Can you make a perfect round chappati? Can you make shorba salan that is nicely blended? And what about fluffy rice aka khilay huay chawal? These are the fundamental building blocks of cooking in a typical Pakistani kitchen.
Rice is one of the most desired food in Pakistani cuisine and the perfectly cooked rice is tricky but not difficult if you learn the right balance. Which is what you will learn by the end of this blog.
The rice problem
Overcooked (Bhapaa) rice is such a letdown. Unless of course if you admire authentic Chinese food, where a similar type of rice, called sticky rice. Sticky rice is a matter of necessity for continental food because it is eaten with chop-sticks. Here, in Pakistan, we eat with eyes first and then use spoons or hands.
Picking the right quality of rice is as important as knowing how to cook rice. The proportion of rice and water, however, is the most important factor contributing to the texture of the finished dish. Fluffy rice tends to enhance the taste of any curry that you serve it with.
The basic rice knowledge
Grocery stores are full of varieties of rice ranging from small to large grain. Basmati, Kernel Basmati, and Super Kernel are the most famous among others. Saila, Brown and tota rice is also widely available. The basic trick with rice is that it should sit for a while after harvesting before ending up on your dinner table. Purana chawal (old rice) is, therefore, better for cooking typical Pakistani dishes as it is fluffy and inherently aromatic. The quality of rice is measured by its grain size, shape, color, aroma and the amount of processing, post-harvest, performed on it.
Super kernel and kernel basmati rice are unique for its fluffiness and overwhelming aroma. It becomes longer after cooking, very light and dry in texture and if cooked with right technique will never be sticky. Saila rice is often used for bulk cooking (dhaig ka khana) and especially when cooking sweet flavored rice i.e., gurh walay chawal, muthanjan, zarda etc. After a number of failed attempts and research, I have finally mastered the art of making perfectly fluffy and aromatic rice. I am sharing the insights with you.

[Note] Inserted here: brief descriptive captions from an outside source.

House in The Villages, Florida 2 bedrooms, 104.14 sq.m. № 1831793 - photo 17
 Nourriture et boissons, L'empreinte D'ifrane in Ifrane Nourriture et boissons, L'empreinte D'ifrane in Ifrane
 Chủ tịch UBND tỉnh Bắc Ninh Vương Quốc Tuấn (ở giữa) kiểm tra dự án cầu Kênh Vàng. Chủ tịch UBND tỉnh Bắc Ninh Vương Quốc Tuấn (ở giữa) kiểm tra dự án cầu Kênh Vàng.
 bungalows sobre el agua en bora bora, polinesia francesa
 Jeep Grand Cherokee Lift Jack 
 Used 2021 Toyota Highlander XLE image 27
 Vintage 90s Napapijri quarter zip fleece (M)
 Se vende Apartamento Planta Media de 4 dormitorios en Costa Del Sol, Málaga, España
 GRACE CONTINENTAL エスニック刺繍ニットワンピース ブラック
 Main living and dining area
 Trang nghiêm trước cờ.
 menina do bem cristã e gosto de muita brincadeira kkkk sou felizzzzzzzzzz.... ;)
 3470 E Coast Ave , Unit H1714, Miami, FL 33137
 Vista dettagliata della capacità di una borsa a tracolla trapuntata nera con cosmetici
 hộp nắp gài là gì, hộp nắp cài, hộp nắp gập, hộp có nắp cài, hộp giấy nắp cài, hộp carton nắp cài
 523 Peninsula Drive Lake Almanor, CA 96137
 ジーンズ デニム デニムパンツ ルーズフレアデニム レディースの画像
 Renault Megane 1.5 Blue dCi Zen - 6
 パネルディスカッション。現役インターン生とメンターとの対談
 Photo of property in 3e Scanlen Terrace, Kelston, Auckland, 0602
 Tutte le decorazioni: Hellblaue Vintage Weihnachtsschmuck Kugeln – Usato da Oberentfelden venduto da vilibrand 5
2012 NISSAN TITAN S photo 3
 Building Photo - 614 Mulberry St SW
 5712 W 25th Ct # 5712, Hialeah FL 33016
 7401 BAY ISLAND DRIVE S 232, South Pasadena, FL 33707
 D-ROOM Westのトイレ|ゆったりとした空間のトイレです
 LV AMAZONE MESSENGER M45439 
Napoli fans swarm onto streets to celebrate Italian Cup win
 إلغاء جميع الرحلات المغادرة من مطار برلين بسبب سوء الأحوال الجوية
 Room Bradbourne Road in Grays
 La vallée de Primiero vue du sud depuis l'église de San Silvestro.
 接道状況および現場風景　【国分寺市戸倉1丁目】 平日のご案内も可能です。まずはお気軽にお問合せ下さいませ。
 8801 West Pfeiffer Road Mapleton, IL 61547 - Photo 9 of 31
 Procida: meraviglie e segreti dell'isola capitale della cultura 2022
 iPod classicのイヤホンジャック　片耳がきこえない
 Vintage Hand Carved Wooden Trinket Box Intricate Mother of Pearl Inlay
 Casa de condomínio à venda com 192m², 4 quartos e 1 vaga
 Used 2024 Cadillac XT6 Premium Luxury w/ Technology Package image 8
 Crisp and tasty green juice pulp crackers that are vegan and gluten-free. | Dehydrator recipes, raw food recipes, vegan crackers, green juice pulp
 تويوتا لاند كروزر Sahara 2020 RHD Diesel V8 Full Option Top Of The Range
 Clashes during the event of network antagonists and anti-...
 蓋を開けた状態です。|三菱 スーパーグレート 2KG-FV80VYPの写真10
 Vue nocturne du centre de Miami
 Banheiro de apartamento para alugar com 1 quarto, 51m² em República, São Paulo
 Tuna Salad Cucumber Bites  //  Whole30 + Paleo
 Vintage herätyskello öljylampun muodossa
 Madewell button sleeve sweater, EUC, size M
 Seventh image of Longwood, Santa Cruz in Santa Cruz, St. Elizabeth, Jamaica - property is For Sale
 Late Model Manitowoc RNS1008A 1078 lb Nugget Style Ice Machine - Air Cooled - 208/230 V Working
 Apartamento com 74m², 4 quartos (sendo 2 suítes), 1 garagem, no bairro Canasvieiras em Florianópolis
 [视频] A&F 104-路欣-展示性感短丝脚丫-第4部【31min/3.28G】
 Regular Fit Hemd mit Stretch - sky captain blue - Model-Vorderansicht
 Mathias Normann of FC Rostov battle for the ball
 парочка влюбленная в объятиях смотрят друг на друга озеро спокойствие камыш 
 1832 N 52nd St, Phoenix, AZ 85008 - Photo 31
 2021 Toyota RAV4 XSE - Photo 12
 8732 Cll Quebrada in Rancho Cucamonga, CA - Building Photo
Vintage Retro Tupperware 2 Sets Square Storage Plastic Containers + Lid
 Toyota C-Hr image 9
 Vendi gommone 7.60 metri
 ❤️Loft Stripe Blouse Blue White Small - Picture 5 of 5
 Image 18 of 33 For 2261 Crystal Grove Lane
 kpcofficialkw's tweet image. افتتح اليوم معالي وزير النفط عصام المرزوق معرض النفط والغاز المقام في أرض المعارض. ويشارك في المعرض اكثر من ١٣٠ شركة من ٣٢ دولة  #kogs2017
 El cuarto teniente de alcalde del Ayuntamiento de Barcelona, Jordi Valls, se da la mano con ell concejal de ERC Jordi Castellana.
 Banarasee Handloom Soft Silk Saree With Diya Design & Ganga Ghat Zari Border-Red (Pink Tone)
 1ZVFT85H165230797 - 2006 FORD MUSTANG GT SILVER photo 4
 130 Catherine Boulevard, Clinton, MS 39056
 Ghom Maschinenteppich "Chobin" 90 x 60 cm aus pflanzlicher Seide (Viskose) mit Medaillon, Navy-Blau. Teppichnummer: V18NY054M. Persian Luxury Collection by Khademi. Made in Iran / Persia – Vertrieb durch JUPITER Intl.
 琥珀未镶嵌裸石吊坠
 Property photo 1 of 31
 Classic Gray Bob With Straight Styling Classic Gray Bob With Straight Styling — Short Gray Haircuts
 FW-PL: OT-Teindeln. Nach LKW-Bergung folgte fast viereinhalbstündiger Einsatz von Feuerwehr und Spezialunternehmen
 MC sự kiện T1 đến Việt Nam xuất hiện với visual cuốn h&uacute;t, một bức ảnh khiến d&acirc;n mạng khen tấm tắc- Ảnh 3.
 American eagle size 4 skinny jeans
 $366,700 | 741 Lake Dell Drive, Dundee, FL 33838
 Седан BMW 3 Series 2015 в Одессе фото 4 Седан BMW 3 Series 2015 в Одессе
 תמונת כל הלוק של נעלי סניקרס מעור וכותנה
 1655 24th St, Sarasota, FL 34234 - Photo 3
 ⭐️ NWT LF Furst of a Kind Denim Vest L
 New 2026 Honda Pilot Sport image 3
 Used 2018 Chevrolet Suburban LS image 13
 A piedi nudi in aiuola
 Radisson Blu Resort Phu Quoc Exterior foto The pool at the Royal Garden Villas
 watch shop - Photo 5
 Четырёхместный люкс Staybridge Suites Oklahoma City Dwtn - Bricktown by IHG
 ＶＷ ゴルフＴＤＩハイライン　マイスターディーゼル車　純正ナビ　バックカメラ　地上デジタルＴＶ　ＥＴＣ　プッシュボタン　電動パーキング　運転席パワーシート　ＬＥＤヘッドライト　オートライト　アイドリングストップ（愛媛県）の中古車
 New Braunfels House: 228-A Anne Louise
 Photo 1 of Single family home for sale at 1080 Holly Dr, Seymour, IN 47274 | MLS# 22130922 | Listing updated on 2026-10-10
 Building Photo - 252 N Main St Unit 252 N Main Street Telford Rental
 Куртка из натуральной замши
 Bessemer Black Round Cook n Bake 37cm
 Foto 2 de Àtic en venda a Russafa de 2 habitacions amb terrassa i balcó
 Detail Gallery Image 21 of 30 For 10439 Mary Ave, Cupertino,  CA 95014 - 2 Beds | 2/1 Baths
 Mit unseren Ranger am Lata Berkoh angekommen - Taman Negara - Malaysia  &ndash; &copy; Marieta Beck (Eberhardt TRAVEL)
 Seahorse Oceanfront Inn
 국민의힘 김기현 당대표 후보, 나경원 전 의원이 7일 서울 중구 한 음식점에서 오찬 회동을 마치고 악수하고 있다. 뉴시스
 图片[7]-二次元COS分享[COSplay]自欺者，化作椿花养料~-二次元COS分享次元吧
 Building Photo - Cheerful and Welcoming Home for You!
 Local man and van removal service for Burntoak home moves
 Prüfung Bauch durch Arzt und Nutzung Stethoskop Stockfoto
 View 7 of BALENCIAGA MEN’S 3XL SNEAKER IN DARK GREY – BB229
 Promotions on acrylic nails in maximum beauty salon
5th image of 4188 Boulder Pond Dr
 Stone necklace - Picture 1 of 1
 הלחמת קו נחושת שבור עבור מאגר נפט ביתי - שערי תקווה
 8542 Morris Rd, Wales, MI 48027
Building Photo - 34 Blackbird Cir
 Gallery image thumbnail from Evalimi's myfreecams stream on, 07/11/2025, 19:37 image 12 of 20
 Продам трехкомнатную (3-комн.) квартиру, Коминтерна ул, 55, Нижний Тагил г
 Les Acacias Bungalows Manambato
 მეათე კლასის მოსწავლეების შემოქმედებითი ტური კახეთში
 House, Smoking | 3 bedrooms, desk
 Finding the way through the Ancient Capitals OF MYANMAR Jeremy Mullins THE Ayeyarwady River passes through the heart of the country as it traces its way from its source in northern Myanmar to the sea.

Old rice is yellow in color new rice is mostly white. Before cooking, old rice needs to be soaked in water for 45 minutes and new rice for about 30 minutes. For any type of rice that you are cooking, it is essential to soak it in water for at least 30 minutes. This is a strict rule and must never be ignored. When the rice grains are soaked in water, they blossom and rise on their own. Also, before soaking, rinse the rice thoroughly, especially if you are using polished rice. Wash the rice, until the pale starchy water turns clear.
Two initial methods
Rice cooking varies according to family traditions and regionals customs. I am sharing two techniques that I use to cook rice in my kitchen every other day. The first method is “draining and dam” method. Rice is cooked in excessive water and once the grains are tender enough (almost cooked or adhi kani is left), excess water is drained and discarded, and rice is left to cook on very low flame called dam or steam.
The second method is the “absorption method”, where rice is cooked in a set amount of water (proportionate to the amount of rice). A golden rule of 1:2 ratio of rice to water is used. Rice is added to boiling water and cooked on high flame until the water is completely absorbed/evaporated. Later the rice is cooked on dam on a very low flame. This is my personal favorite, I make Tarkay walay Chawal with this method and they are always a treat for everyone at home.